Jauh hari sebelum peristiwa WTC 911 terjadi, industri militer swasta Amerika Serikat sesungguhnya telah malang-melintang di negara-negara Islam seperti Saudi Arabia, Bosnia-Herzegovina, Palestina, Kuwait, bahkan juga di Indonesia.
Di wilayah Arab yang kaya raya, PMC-PMC ini mendapat keuntungan ganda: selain memperoleh nilai kontrak yang sangat besar karena para pemimpin Arab kebanyakan korup dan sangat mudah diperdaya, maka PMC-PMC ini juga sering menjadi perpanjangan tangan dunia intelijen Barat guna memotret kekayaan alamnya yang tersimpan jauh di perut bumi.

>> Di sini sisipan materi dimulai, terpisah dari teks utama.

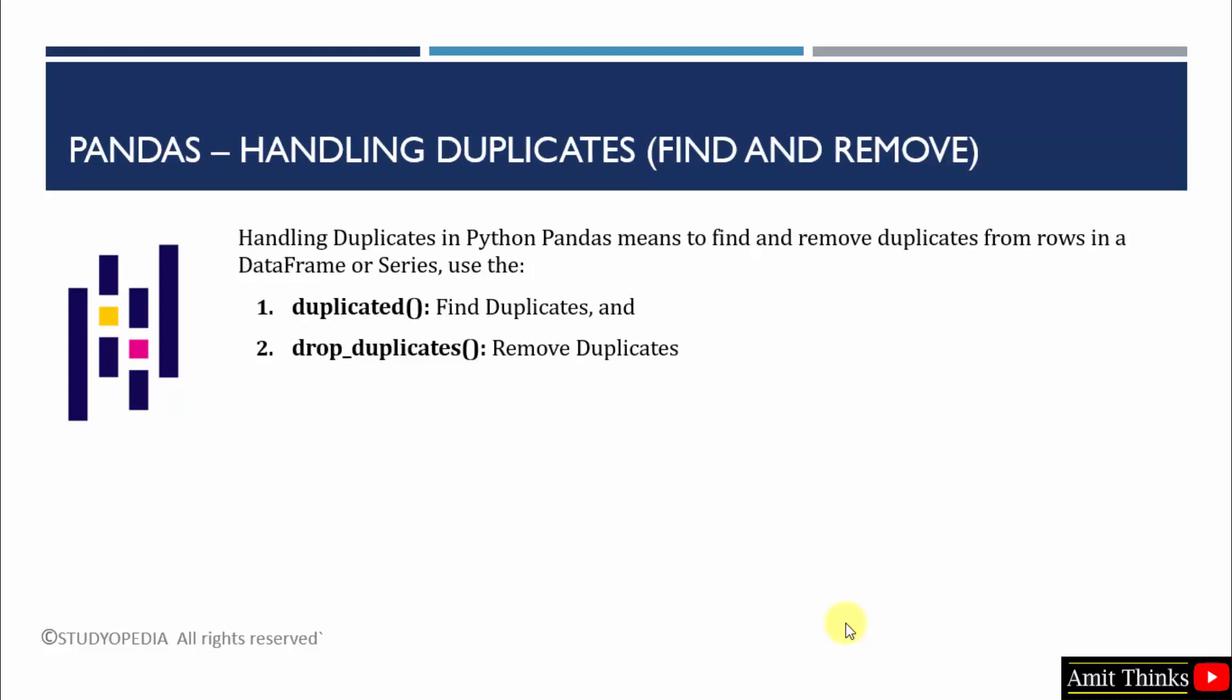In this lesson, we saw how we can easily handle duplicates. Handling duplicates in a dataframe or series means to find and remove the duplicates. We did that using both these built-in methods.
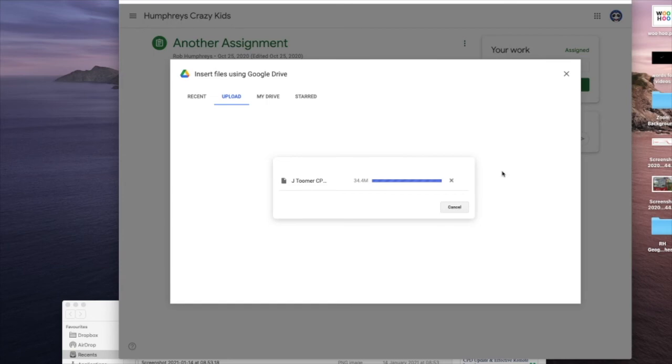If it is too large, you could try compressing the images, and that's something for a different video. You might want to look up how you compress images on PowerPoint.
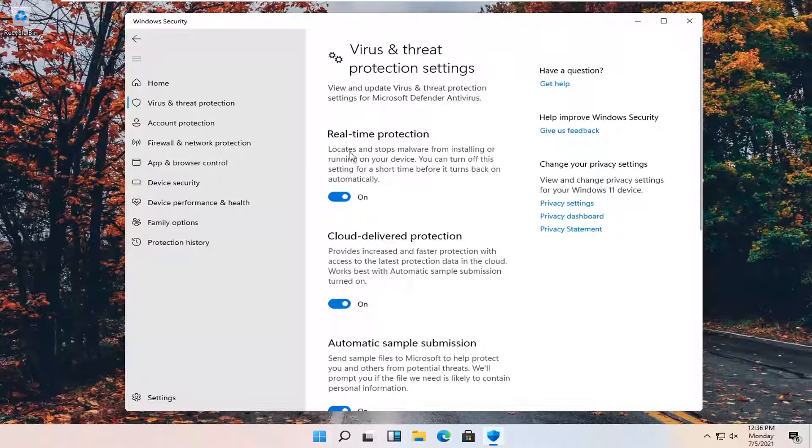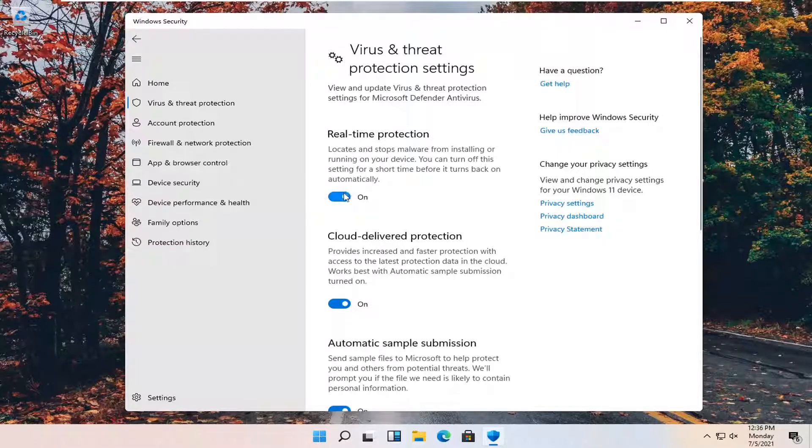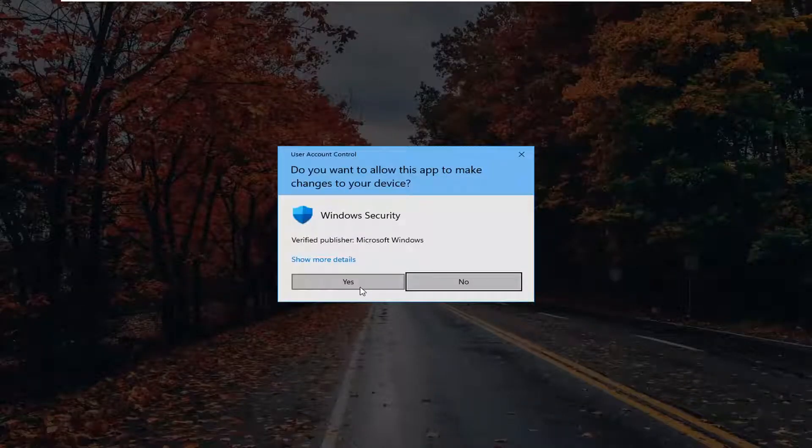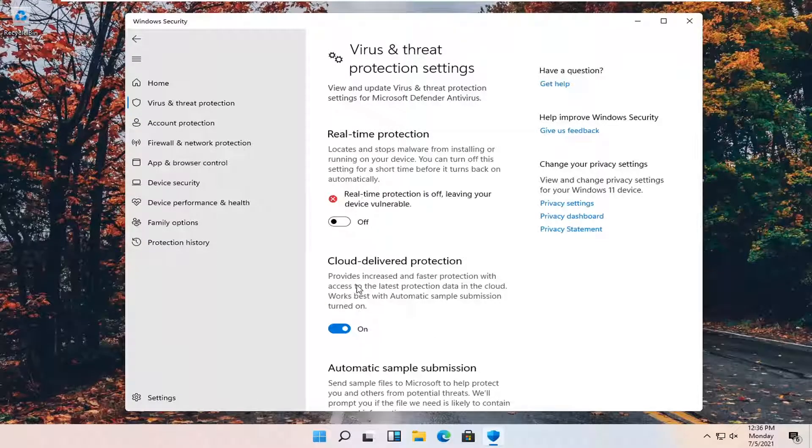Real-time protection - you can turn that off by toggling it to the off position. Select yes if you receive a user account control prompt.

Selain di wilayah Arab, tentara bayaran juga memiliki proyek-proyek besar—namun jarang dipublikasikan—di benua hitam Afrika. Negeri-negeri seperti Angola, Mozambique, Sierra Leone, Nigeria, Zambia, Afrika Selatan, dan sebagainya, negara-negara itu menjadi ‘santapan’ yang lezat bagi mereka. Walau negara-negara Afrika dianggap sebagai negara miskin, namun di dataran yang gersang dan panas ini, di bawah perut buminya terdapat banyak sekali kekayaan seperti batu mulia dan intan berlian.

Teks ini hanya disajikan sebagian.